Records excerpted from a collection
- - - - -
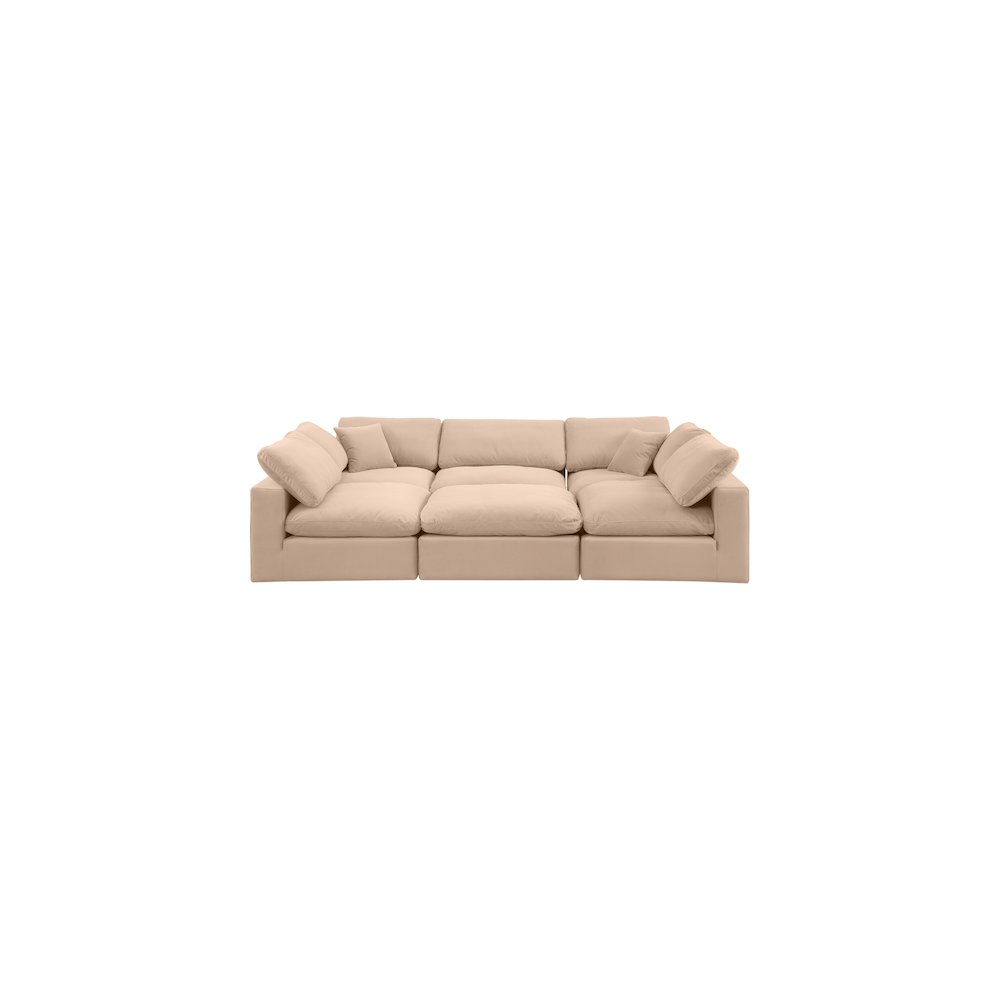 Comfy Beige Velvet Modular Sectional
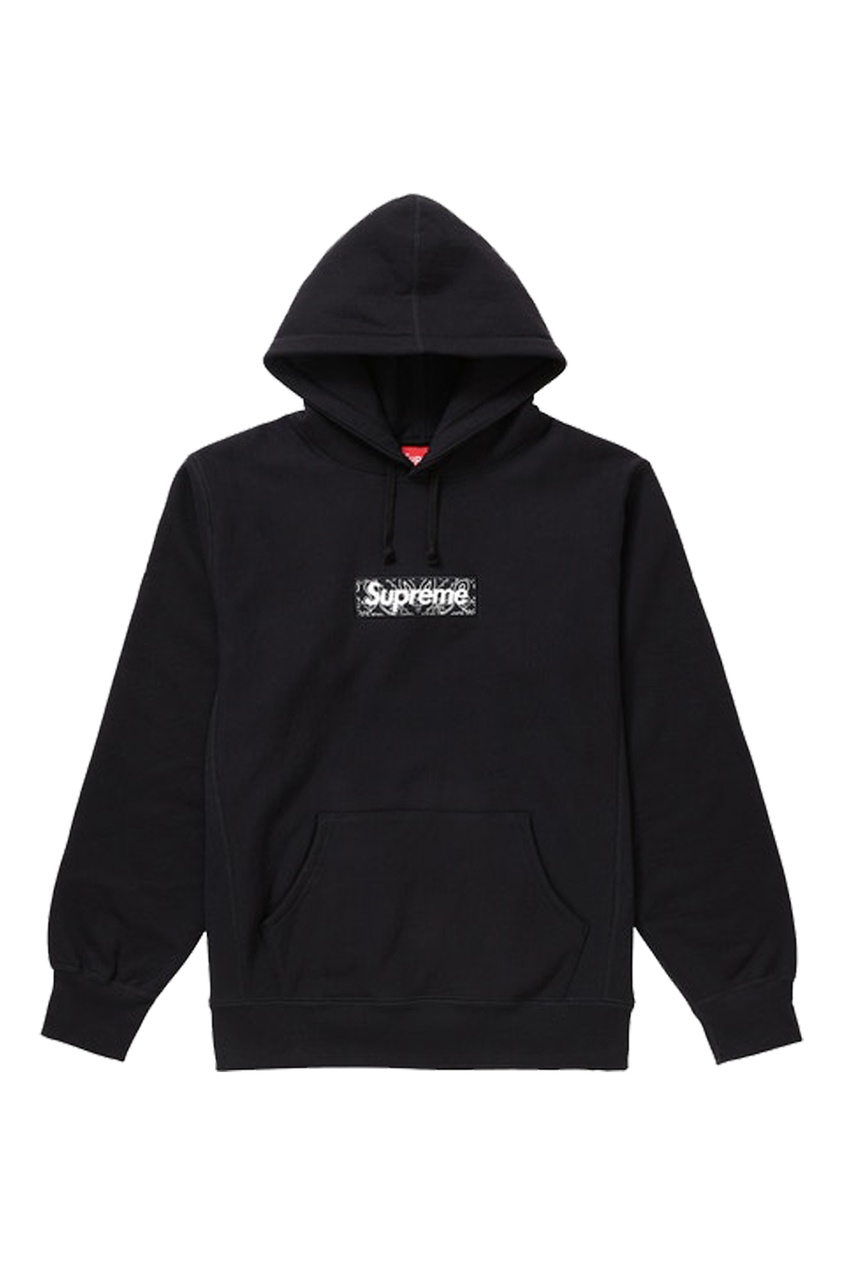 фото Черное худи bandana box logo hoodie black supreme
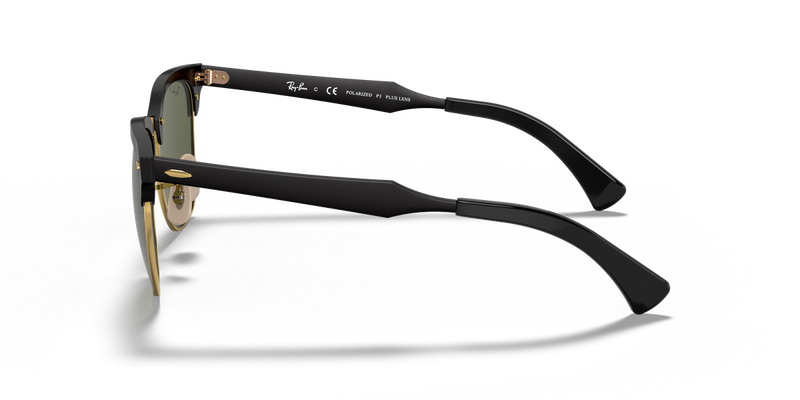 Ray-Ban CLUBMASTER ALUMINUM in Black On Gold / G-15 Green Polarized (136/N5) - Back View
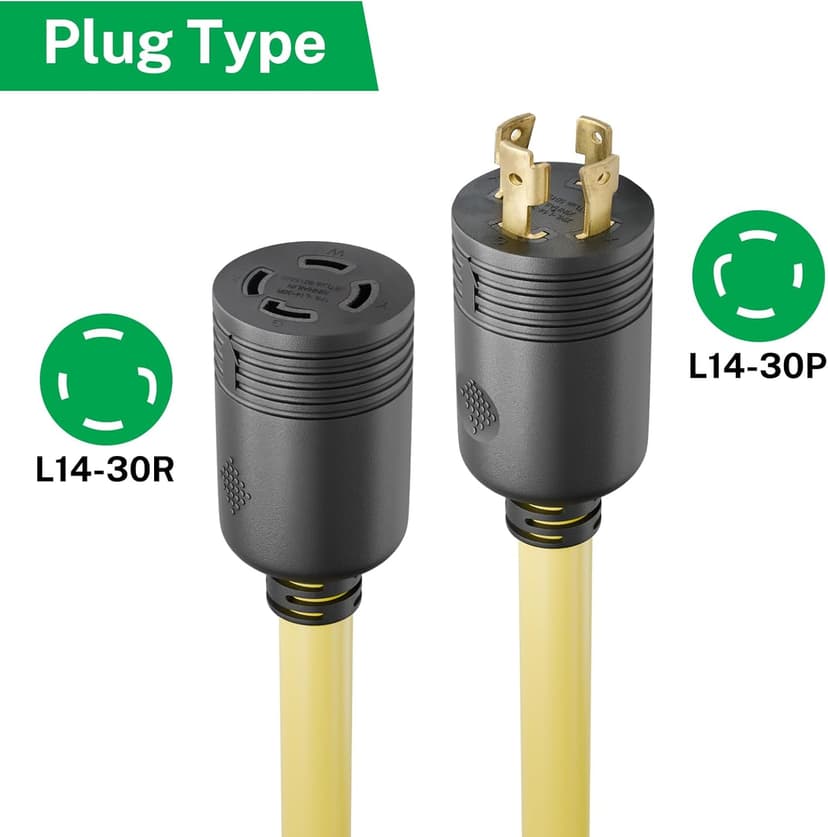 FIRMERST Generator Extension Cord 30 amp Twist Lock Plug 12 Feet, NEMA L14-30P to L14-30R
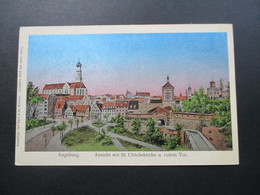 AK Um 1907 Augsburg. Ansicht Mit St. Ulrichskirche U. Rotem Tor. Kunstanstalt Karl Braun & Co. München Lunakarte - Augsburg
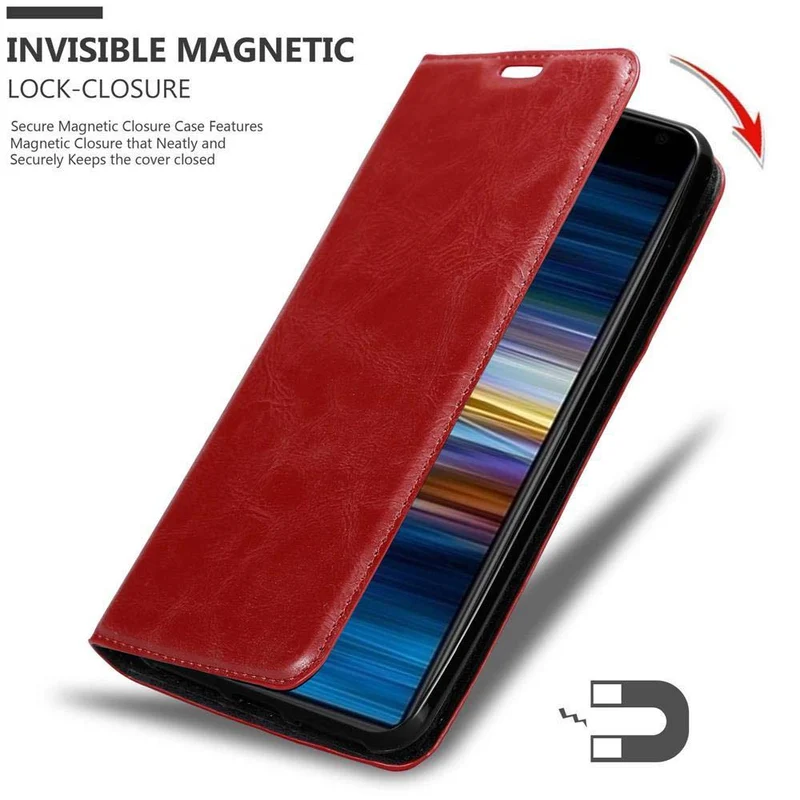 Cadorabo Hülle kompatibel mit Sony Xperia 10 / Xperia XA3 Schutzhülle mit Magnetverschluss, Standfunktion und Kartenfach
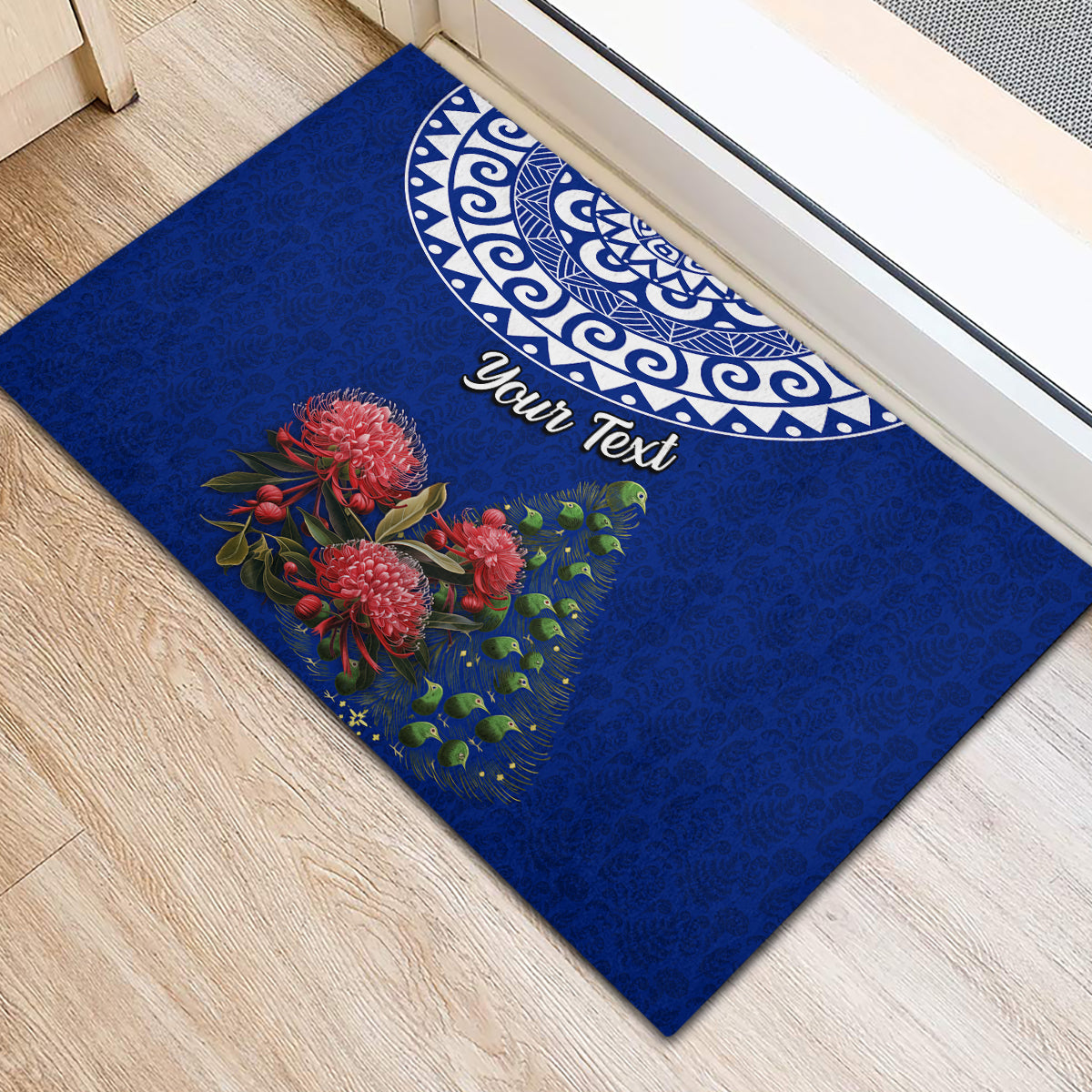 Personalized New Zealand Christmas Rubber Doormat Maori Santa Pikorua and Pohutukawa Meri Kirihimete Blue LT03 - Polynesian Pride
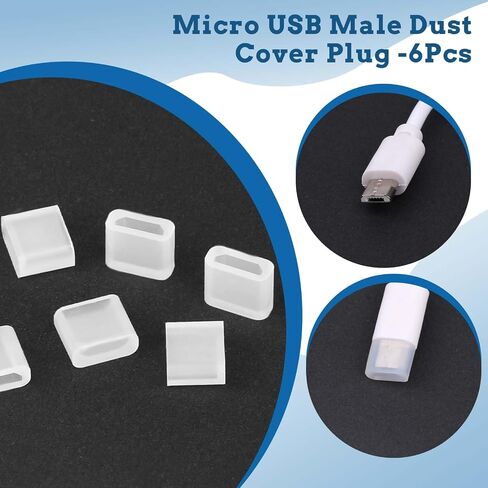 36 Pcs 6 Types USB Anti Dust Cover Plugs, USB C Dust Cover USB Type-C Dust Stopper Soft Micro USB Cap Port Protector USB A Port Protector Cover Anti Dust Cover for USB A, Type C, Micro USB in Saudi Arabia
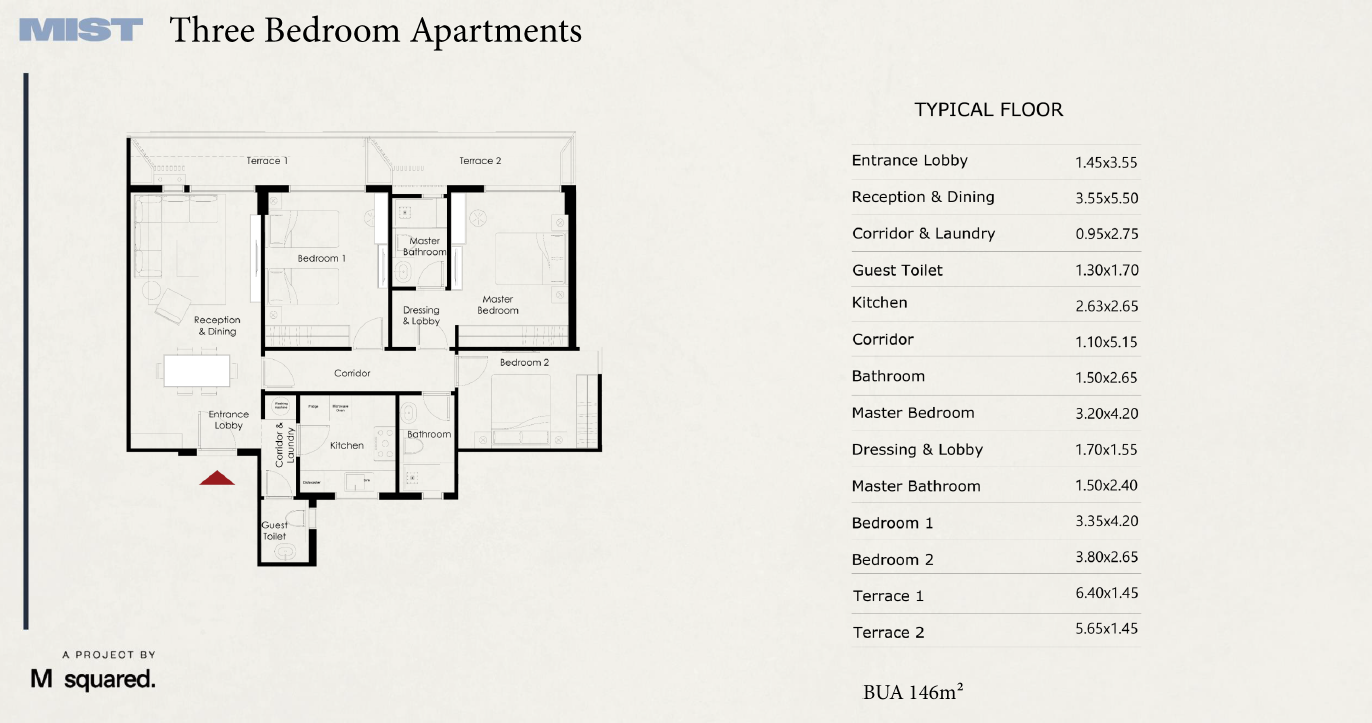 Floor Plan - Mist New Cairo Compound M Squared Development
- - - - -
*Instructions for the task*
Nothing but the lines from the line containing "Cadorabo Hülle kompatibel" to the end of the records above should be repeated, exactly and with every picture omitted.

*Final answer*
 Cadorabo Hülle kompatibel mit Sony Xperia 10 / Xperia XA3 Schutzhülle mit Magnetverschluss, Standfunktion und Kartenfach
 Personalized New Zealand Christmas Rubber Doormat Maori Santa Pikorua and Pohutukawa Meri Kirihimete Blue LT03 - Polynesian Pride
 36 Pcs 6 Types USB Anti Dust Cover Plugs, USB C Dust Cover USB Type-C Dust Stopper Soft Micro USB Cap Port Protector USB A Port Protector Cover Anti Dust Cover for USB A, Type C, Micro USB in Saudi Arabia
 Floor Plan - Mist New Cairo Compound M Squared Development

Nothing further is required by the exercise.